__Work instructions__
Where a picture appears, skip it; print everything else in the records exactly as it stands.

__Data in this exercise__
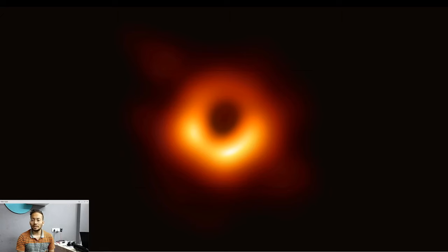Hey, welcome back everyone to the brand new episode of the Code Drop. Today we're going to see how we can place objects using display and position properties using CSS. So let's get started.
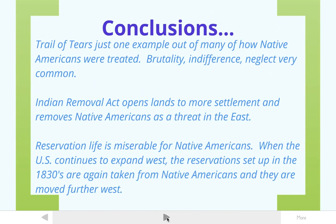The Trail of Tears is just one example of the terrible treatment of Native Americans. Brutality, indifference, and neglect were very common. The Indian Removal Act opened up lands to more settlement and removed Native Americans as a threat in the East. Reservation life was miserable, and as the U.S. continued to expand west, even the reservations set up in the 1830s were taken from Native Americans, forcing them further west.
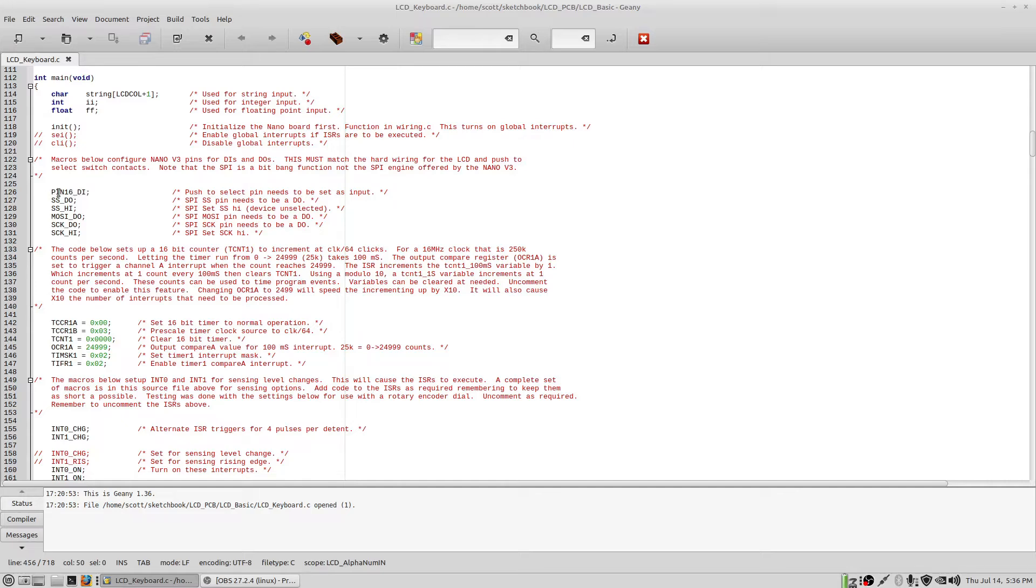That's all that's required. These are the three signals required by the LCD: slave select, master out slave in, and serial clock. And they're set up here. And this is the programming of the timer. That's all set up here.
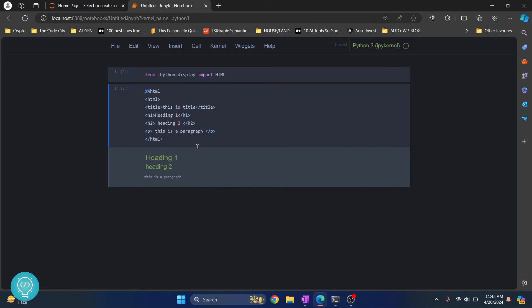So this is how you can write and execute HTML in Jupyter Notebook. If you have any questions, let me know in the comments below.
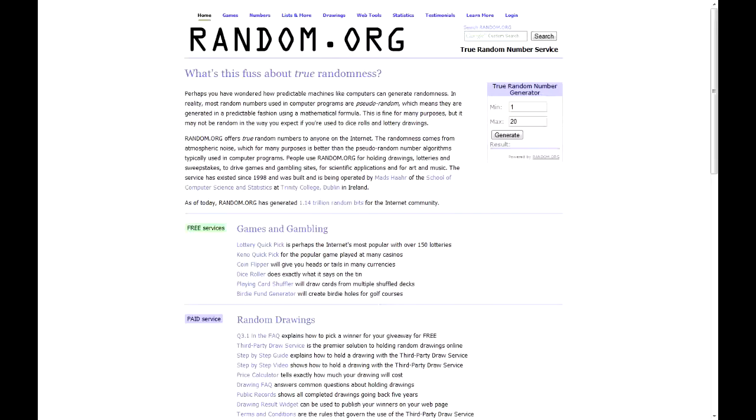So the winner of the Dota 2 key is... JRam. You won a Dota 2 key with 2 invites and Xcritic, you won the invite.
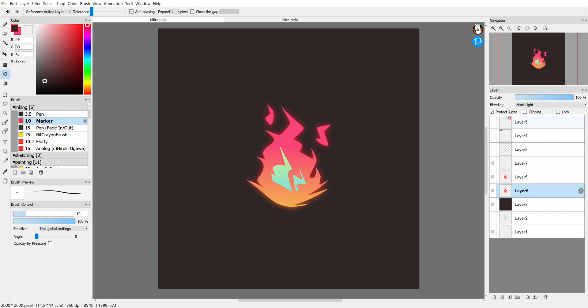Hard Light is also pretty interesting in this situation. That's also pretty different.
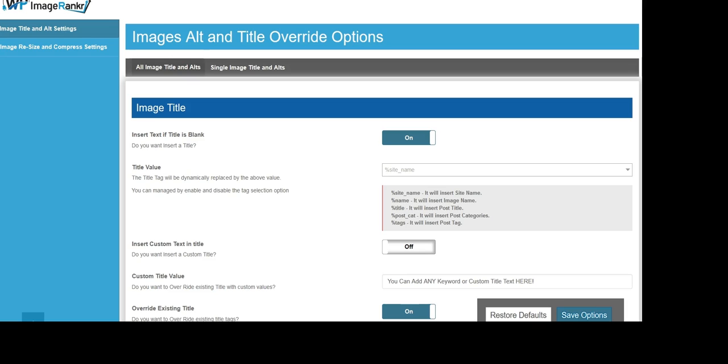Additionally, WP ImageRanker comes with an automatic image resizer compression tool. By customizing your image sizes and resolutions, you can also dramatically increase site speed, which Google factors in highly when ranking sites on page one.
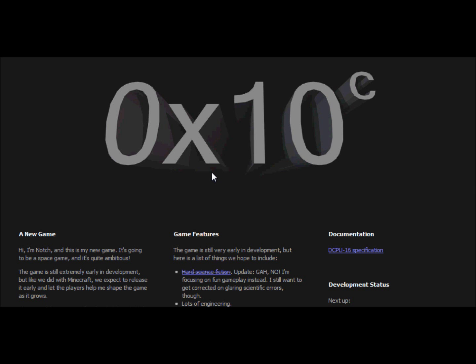Zero, X, 10, C, well, to the power of C. There's an explanation behind the name.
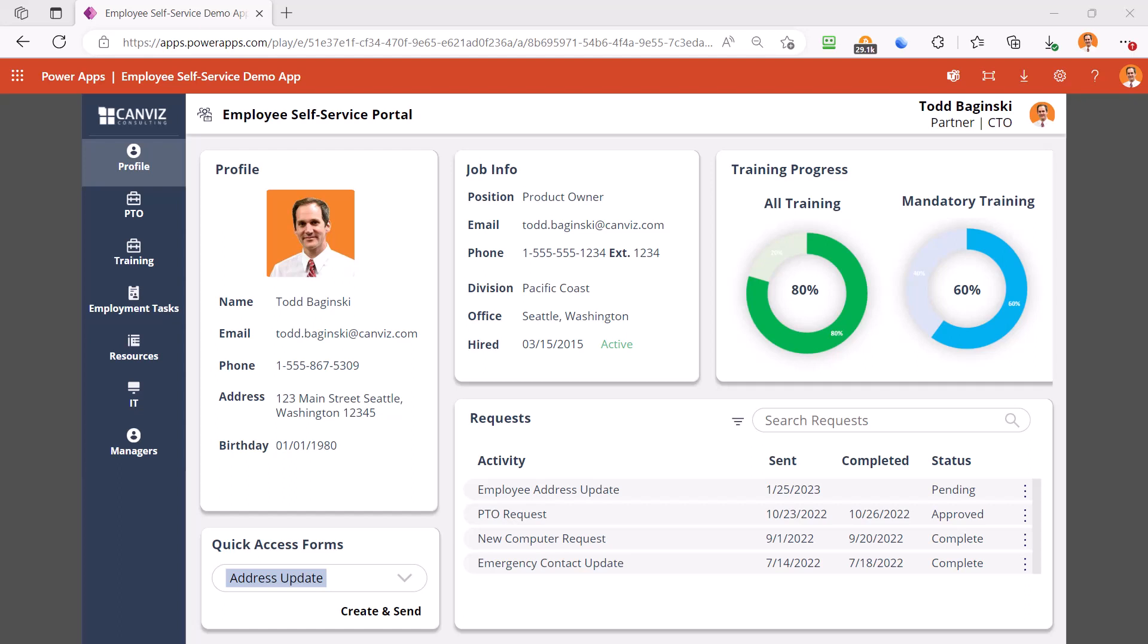Such an app can help automate HR processes, seamlessly integrate into your existing systems, and employees love it. It brings all their key employee tasks into one easy to use place. Built on the Power Platform, this low code solution is easy to build, robust, and scalable.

__Solution__
Hey, welcome back everyone to the brand new episode of the Code Drop. Today we're going to see how we can place objects using display and position properties using CSS. So let's get started.
The Trail of Tears is just one example of the terrible treatment of Native Americans. Brutality, indifference, and neglect were very common. The Indian Removal Act opened up lands to more settlement and removed Native Americans as a threat in the East. Reservation life was miserable, and as the U.S. continued to expand west, even the reservations set up in the 1830s were taken from Native Americans, forcing them further west.
That's all that's required. These are the three signals required by the LCD: slave select, master out slave in, and serial clock. And they're set up here. And this is the programming of the timer. That's all set up here.
So this is how you can write and execute HTML in Jupyter Notebook. If you have any questions, let me know in the comments below.
So the winner of the Dota 2 key is... JRam. You won a Dota 2 key with 2 invites and Xcritic, you won the invite.
Hard Light is also pretty interesting in this situation. That's also pretty different.
Additionally, WP ImageRanker comes with an automatic image resizer compression tool. By customizing your image sizes and resolutions, you can also dramatically increase site speed, which Google factors in highly when ranking sites on page one.
Zero, X, 10, C, well, to the power of C. There's an explanation behind the name.
Such an app can help automate HR processes, seamlessly integrate into your existing systems, and employees love it. It brings all their key employee tasks into one easy to use place. Built on the Power Platform, this low code solution is easy to build, robust, and scalable.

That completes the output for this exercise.